■ Dataset extract ■
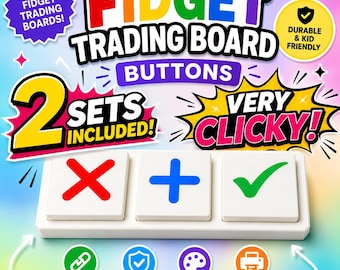 Fidget Trading board Buttons | Clicky Sensory Toy for Kids | 3D Printed Fidget |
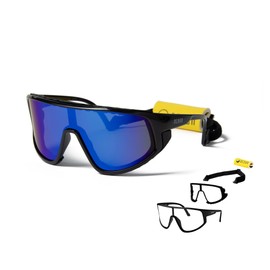 Ocean OCN-39000-17 Floating Sunglasses, Organic Bio-based Lightweight Frame, UV Protection, Removable Strap & Floater, Shiny Black (Polarized Blue REVO Lenses)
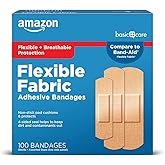 Amazon Basic Care Flexible Fabric Adhesive Bandages, First Aid for Wounds and Scrapes, Breathable Fi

■ What you have to do ■
Give back exactly the lines from the one that contains "Ocean OCN-39000-17 Floating" to the final line of the data above, both included, with all pictures removed.

■ Task output ■
 Ocean OCN-39000-17 Floating Sunglasses, Organic Bio-based Lightweight Frame, UV Protection, Removable Strap & Floater, Shiny Black (Polarized Blue REVO Lenses)
 Amazon Basic Care Flexible Fabric Adhesive Bandages, First Aid for Wounds and Scrapes, Breathable Fi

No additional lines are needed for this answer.